**Description of the task**
Pictures are to be left out, and only the lines below starting at the one with "Quadro su tela" and ending at the one with "Canapé d'angle droit" are to be reproduced, each exactly, both ends included.

===== Provided information

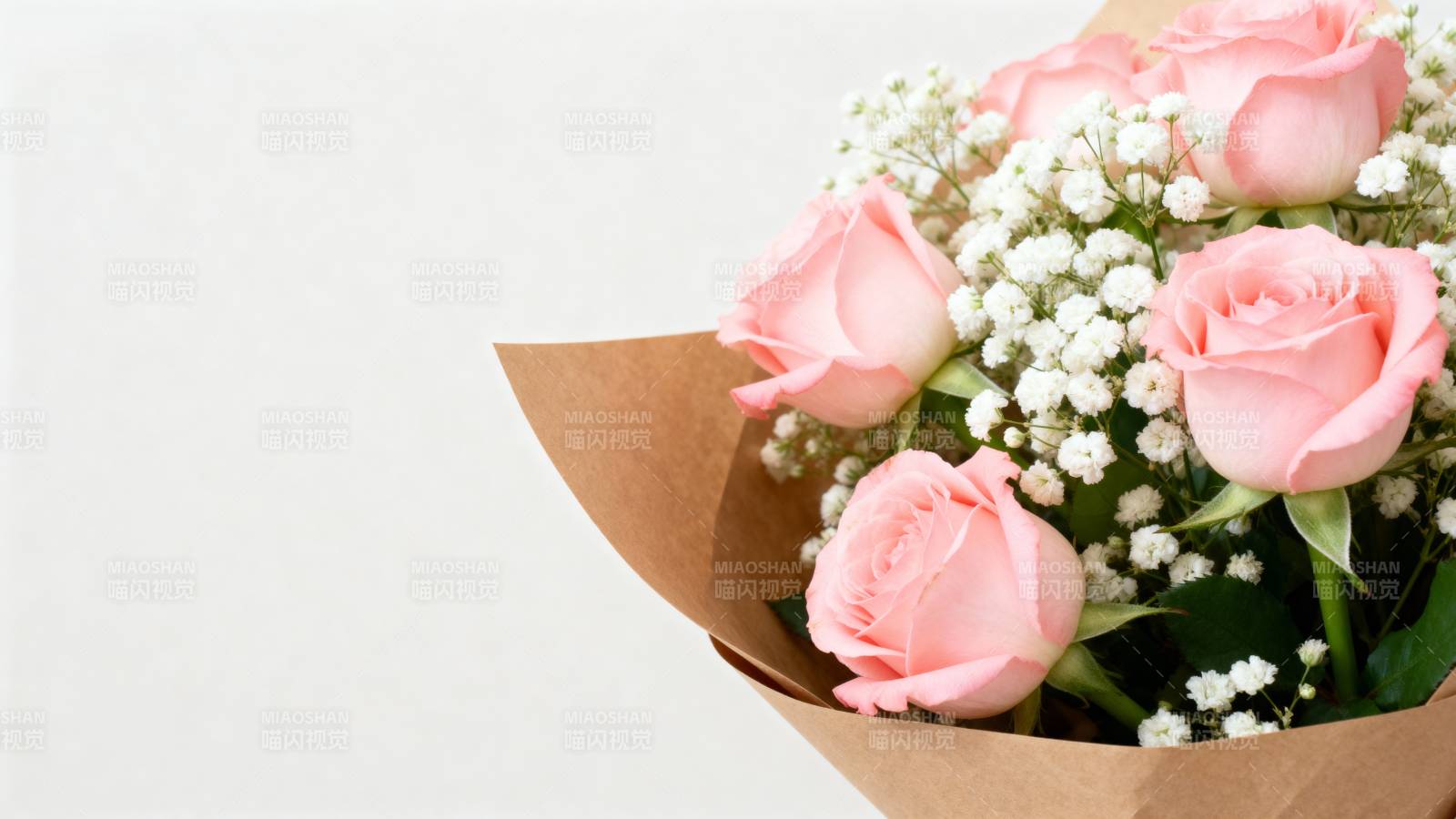 粉玫瑰花束图片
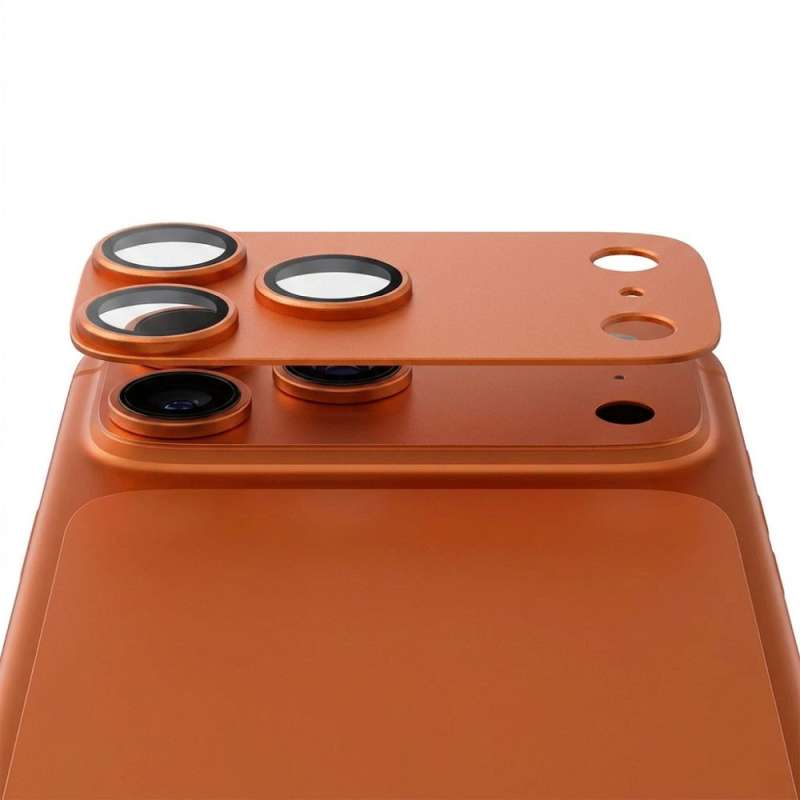 SPOTT-GR AR+AF Full Metal - Προστατευτικό Τζαμάκι Κάμερας για Apple iPhone 17 Pro σε Πορτοκαλί Χρώμα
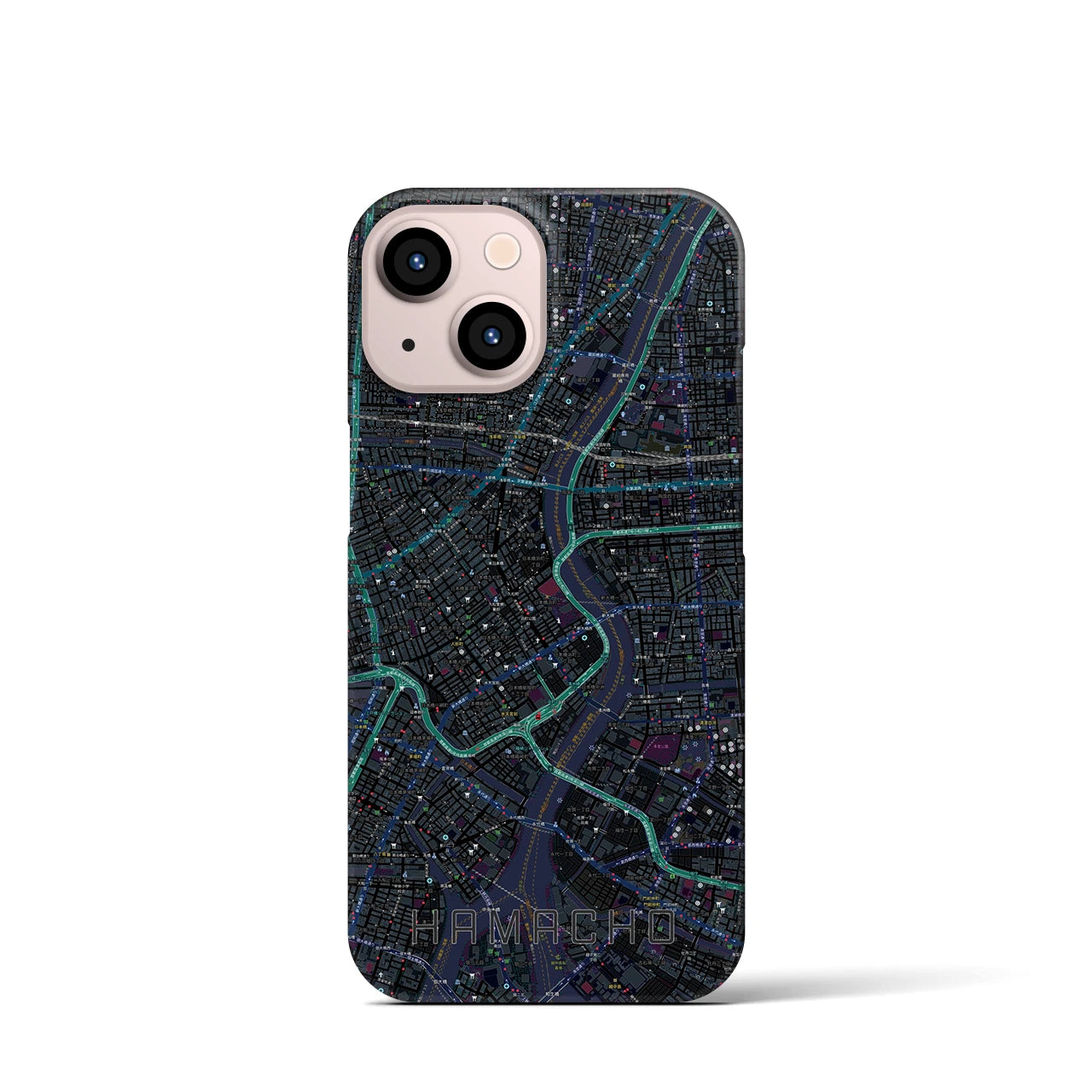 【浜町(東京都)】地図柄iPhoneケース(バックカバータイプ)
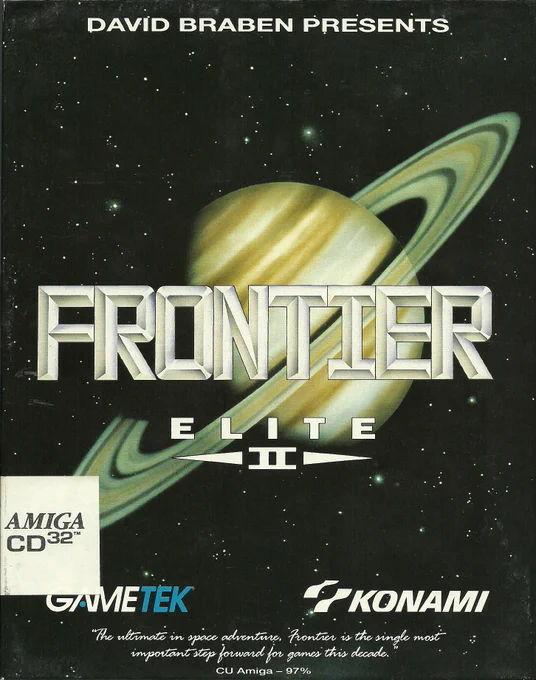 Frontier Elite 2 (Gametek/Konami, 1993) for the Commodore CD32 console - retail box (front).
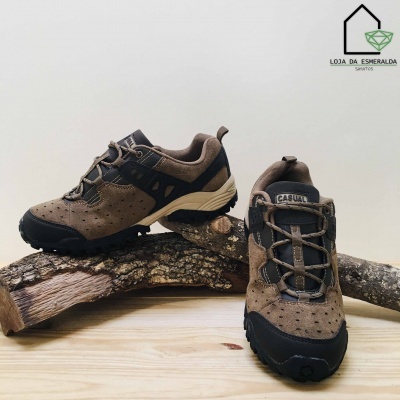 Sapatos casuais castanhos e pretos apoiados em troncos de madeira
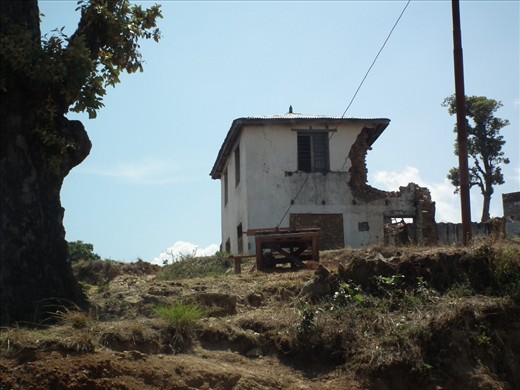 Destroyed police office in Dailekh District Nepal. when the people war in Nepal.
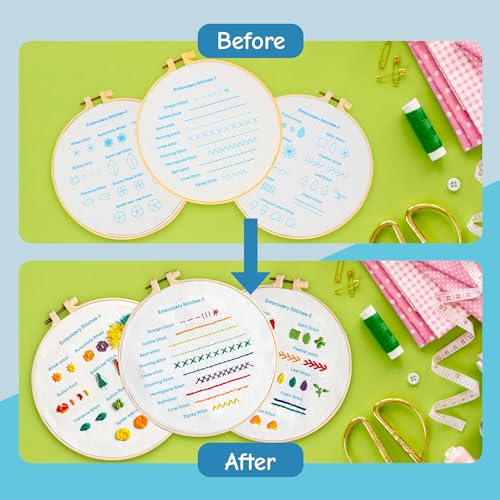 Beginner Embroidery Kit – Learn 28 Stitches – DIY Embroidery Set with 3 Hoops, Stamped Patterns, Needles, Scissors, Thread – Complete Cross Stitch Kit for Adults, Teens, Beginners & Crafters - color: Beginner Practice Patterns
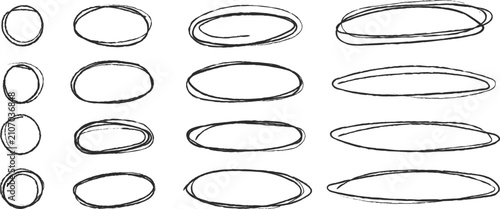 Quadro su tela Hand drawn ballpoint pen circles ovals,
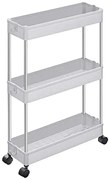 Servírovací vozík, 3 poličky, 60x40x13cm, biely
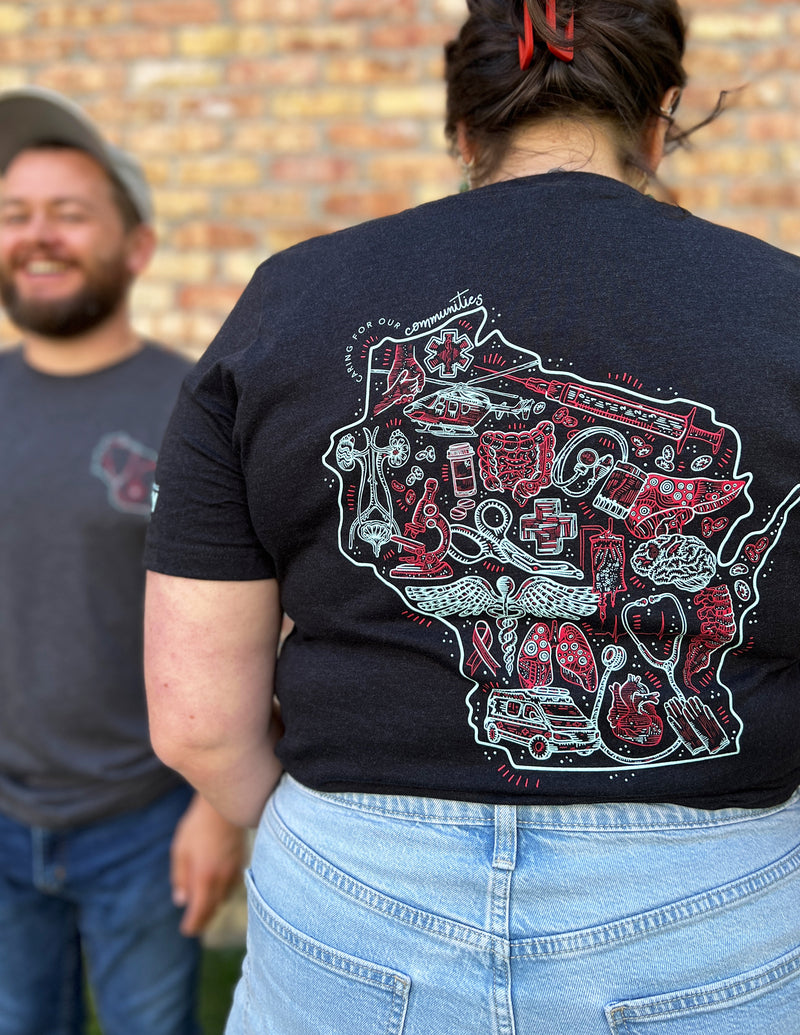 "Caring for Our Communities" - State of Wisconsin Icon Collage Unisex T.Shirt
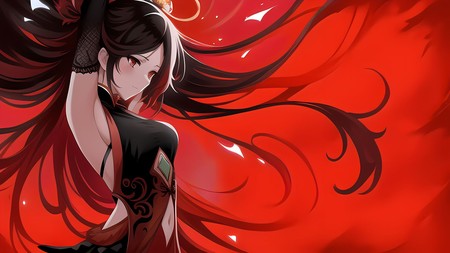 anime girl with long black hair and a red dress is holding her hands up in the air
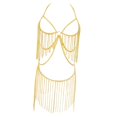 thumbnail image 1 of Falda de cadena con borlas y sujetador de bikini para traje de baño con adornos para discotecas dorado, 1 of 8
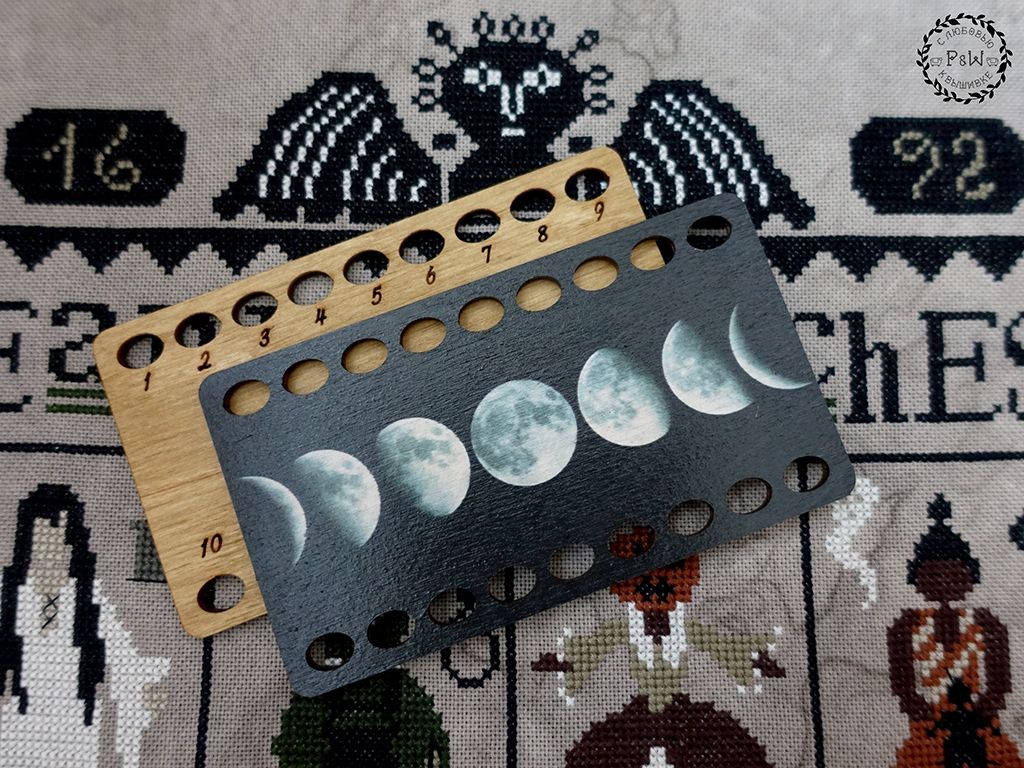 Moon Phases Thread Organizer by Primitive and Wood (P&amp;W) Designer embroidery accessories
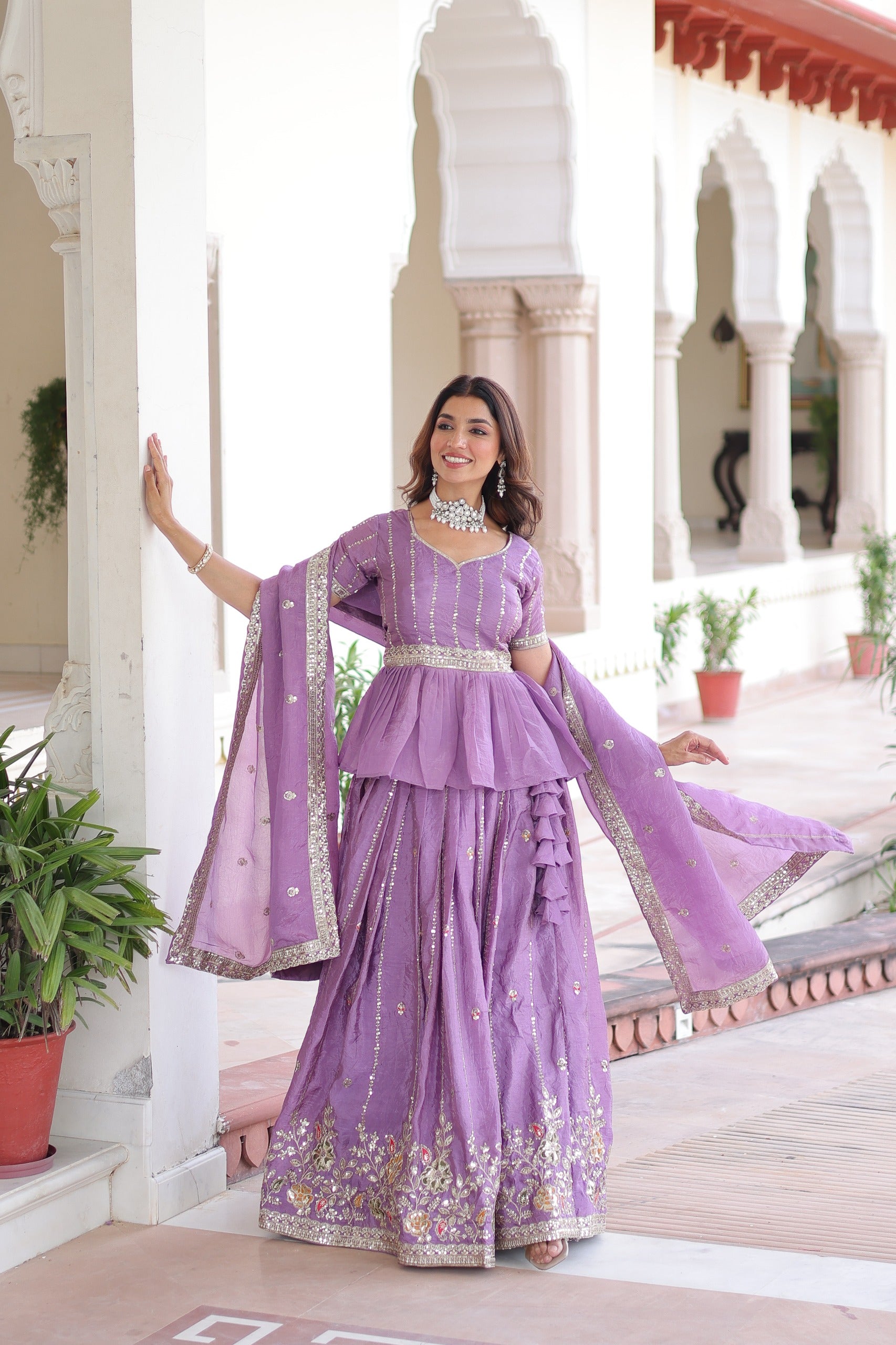 Premium Designer Sequins Embroidered Readymade Lehenga choli Set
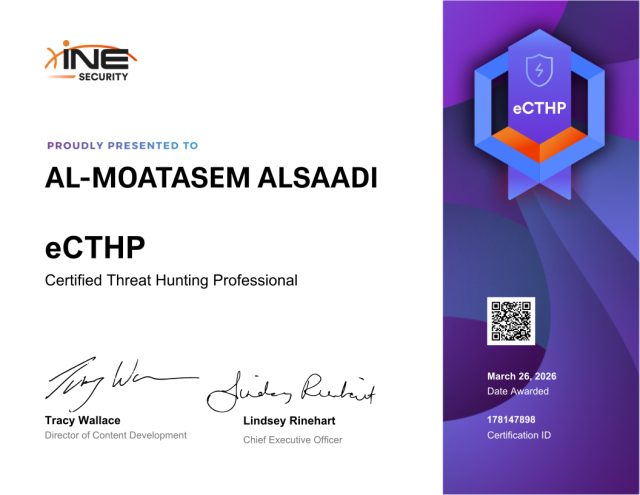 Al-Moatasem Alsaadi — eCTHP
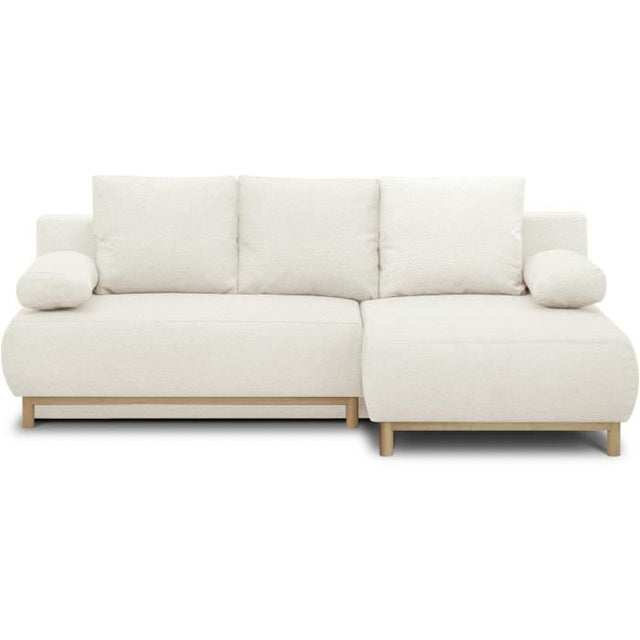 Canapé d'angle droit convertible - 3 places - MIKA - Tissu bouclettes écru - Coffre de rangement - 192 x 84 x 93 cm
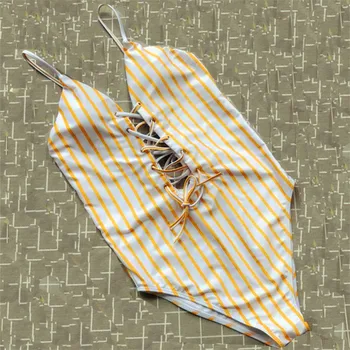Geltona Dryžuota Trikini 2019 M. maudymosi Kostiumėliai, Moterų vientisi maudymosi kostiumėlį 1 Monokini Giliai V Kaklo Plaukti Kostiumas Stebėjimo String Trinkelėmis Aukštos Kojos XL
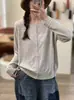 Outono 2026 Transfronteiriço Novo Retrô Modelagem Solta Gola Redonda Simples Versátil Lã Casual Top Suéter de Tricô Jaqueta para Mulheres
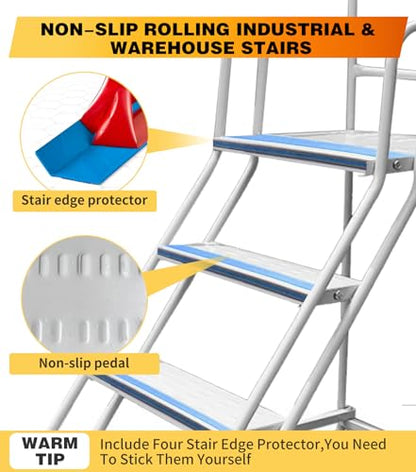 4 Step Stairs with 4 Wheels, Industrial & Warehouse Rolling Stairs, 59.1" H - style: 4STEPS-1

==========

**Task output**
 Quadro su tela Hand drawn ballpoint pen circles ovals,
 Servírovací vozík, 3 poličky, 60x40x13cm, biely
 "Caring for Our Communities" - State of Wisconsin Icon Collage Unisex T.Shirt
 anime girl with long black hair and a red dress is holding her hands up in the air
 thumbnail image 1 of Falda de cadena con borlas y sujetador de bikini para traje de baño con adornos para discotecas dorado, 1 of 8
 Moon Phases Thread Organizer by Primitive and Wood (P&amp;W) Designer embroidery accessories
 Premium Designer Sequins Embroidered Readymade Lehenga choli Set
 Al-Moatasem Alsaadi — eCTHP
 Canapé d'angle droit convertible - 3 places - MIKA - Tissu bouclettes écru - Coffre de rangement - 192 x 84 x 93 cm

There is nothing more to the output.